I stared at her dumbstruck, just to mess with her.
"Are you saying, you never tasted a beer in your life?! And you call yourself my woman?! I am outraged!" I said in mock-resentment.
"Hey! I was turned at 15 in the center of a world war. And I never called myself your woman" she smirked self-righteously after placing her glass on the ground besides her.
"Excuses, excuses" I smirked and she punched my shoulder. Man, even when she held back, she had a mean right-hand. Not that it hurt all that much, but still. Had I been human, I would've been full of bruises by now.
"Christ, woman, you can be so abusive" I said in mock-hurt, adding a quivering lip just for the hell of it.
"Abusive? Me?" she said, making her most innocent, angelic face. I groaned. Goddammit.

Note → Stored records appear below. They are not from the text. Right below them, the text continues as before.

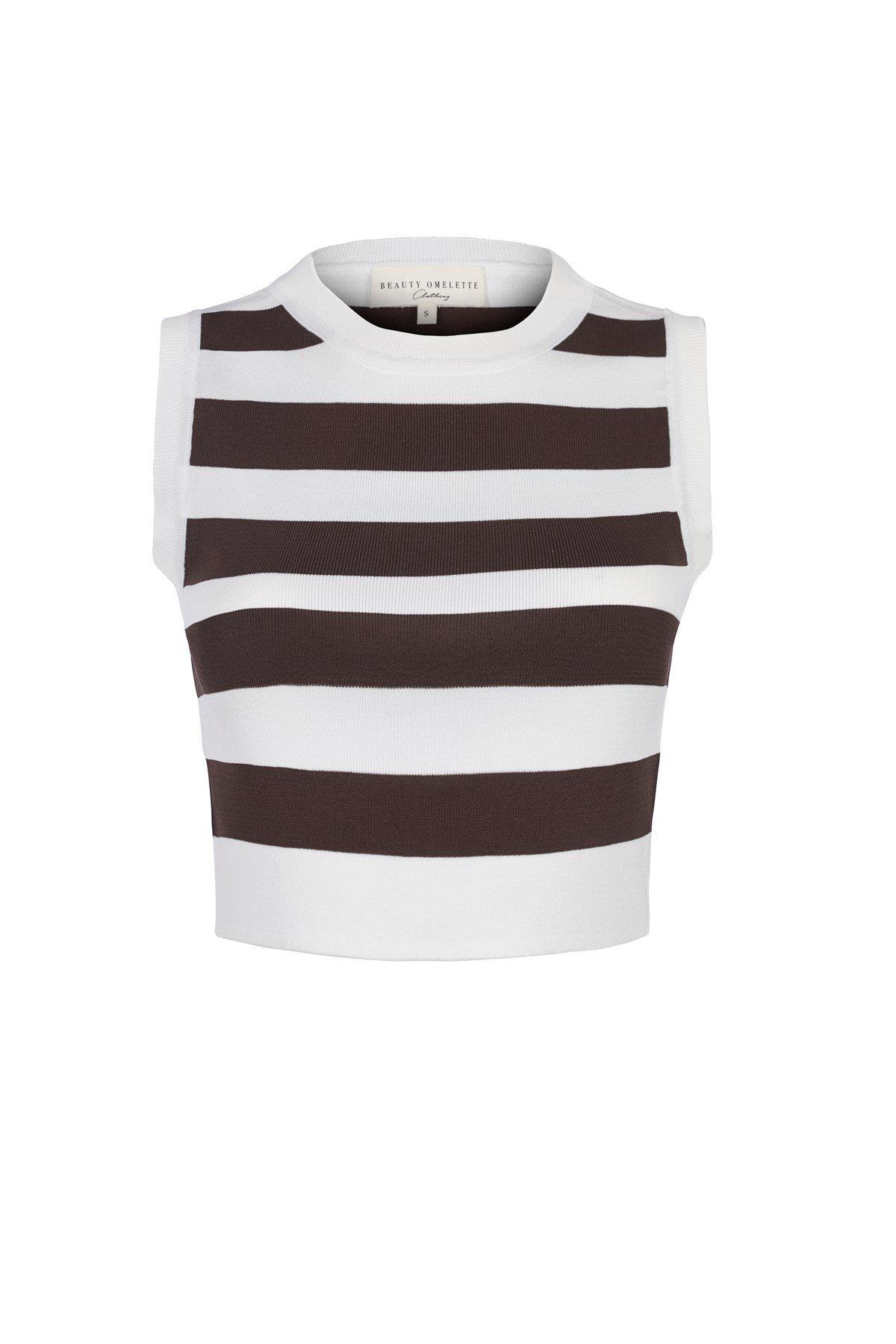 Kahverengi Çizgili Kolsuz Triko Crop Top
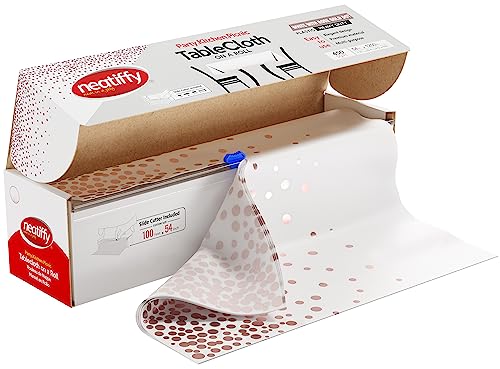 Neatiffy Rotolo Di Tovaglia Monouso Biodegradabile In Plastica Con Taglierina Scorrevole, Copertura Impermeabile Per Tutti I Tavoli/Forme, Picnic, Fes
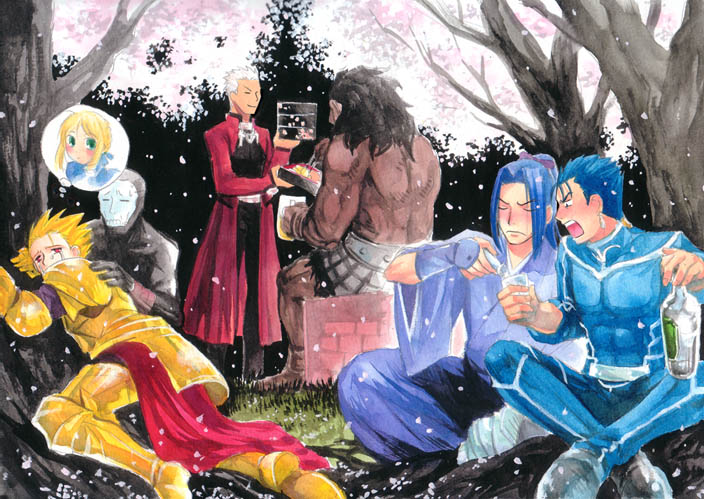 artoria pendragon, saber, cu chulainn, archer, heracles, and 2 more (fate and 1 more)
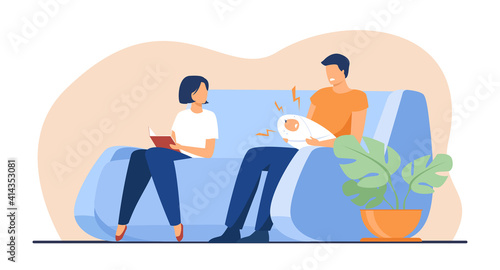 New parents with shouting baby at home. Mom enjoying leisure, annoyed dad soothing screaming newborn child. Flat vector illustration. Parenthood concept for banner, website design or landing web page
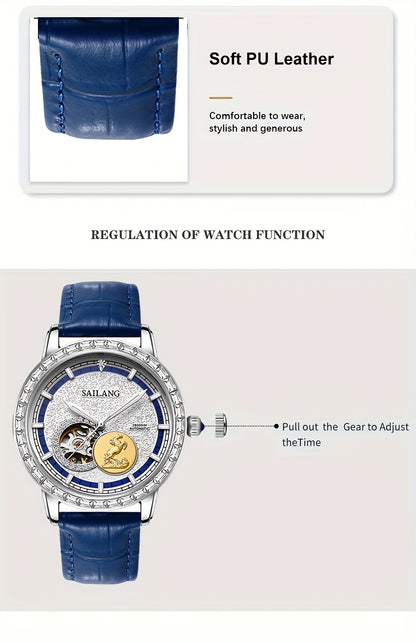 VerdeMontre Men's Luxury Automatic Mechanical Watch - Skeleton Dial World Time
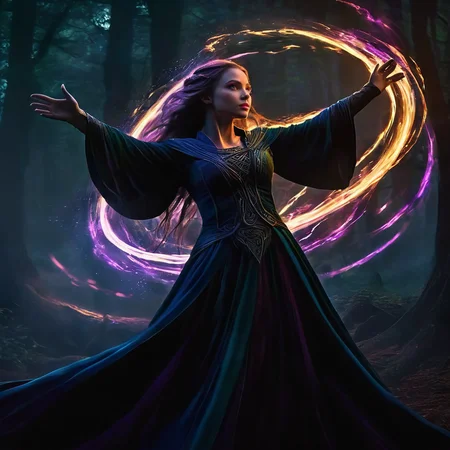 A female elven warlock stands in an ancient forest her arms outstretched as she strains to control the magic she has summoned, a swirling vortex of rainbow colored light. (loosely braided brown hair), (bare midriff), The air is thick with anticipation, the world around her responding to the surge of energy emanating from her hands. Deep within the forest, shadows cling to tree trunks, their darkness punctuated by the ethereal light of the magic. The warlock's pose is deliberate and powerful, every muscle tense with focus as she maintains control over the chaotic vortex. The digital painting captures every minute detail: the lifelike textures of her robes, the magical light that accentuates her intense expression, and the intricate patterns that swirl around her like an otherworldly dance. The colors differences are striking, the bright magical light against the darkness of the forest at night, <lora:Dark Fantasy:1>Dark Fantasy - Gothic scene in a dark forest at night with pure black background with a horror atmosphere black shadows.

"Very" I smirked and took a swig of the beer in order to distract myself from my not so innocent thoughts. She smiled over the edge of her own glass, and I could practically see the mischief in her eyes.
"You poor thing" she then pouted in a low, almost seductive voice. Watch it, woman! My heart practically skipped a beat and of course, she heard that – I could tell by that smirk of hers. I growled. Man, she couldn't do this to me without it having consequences. She knew that, right?
"Don't tease me like that, glitter smitter"
She groaned at the nickname. I knew it sucked ass, but it was fun messing with her.
"If you ever use that nickname in public, I will start talking to you in a very annoying baby voice in return" she warned with a serious face.
"Man, that isn't fair"
"Of course it isn't fair. It's only beneficial for me as I can keep calling you Pauli, but you have to give up your stupid idea of a nickname" she smiled a wee too innocently for my taste. I groaned, but I found that I really didn't mind.
"Fine" I agreed. She said nothing about when we were alone after all. Oh, the loopholes.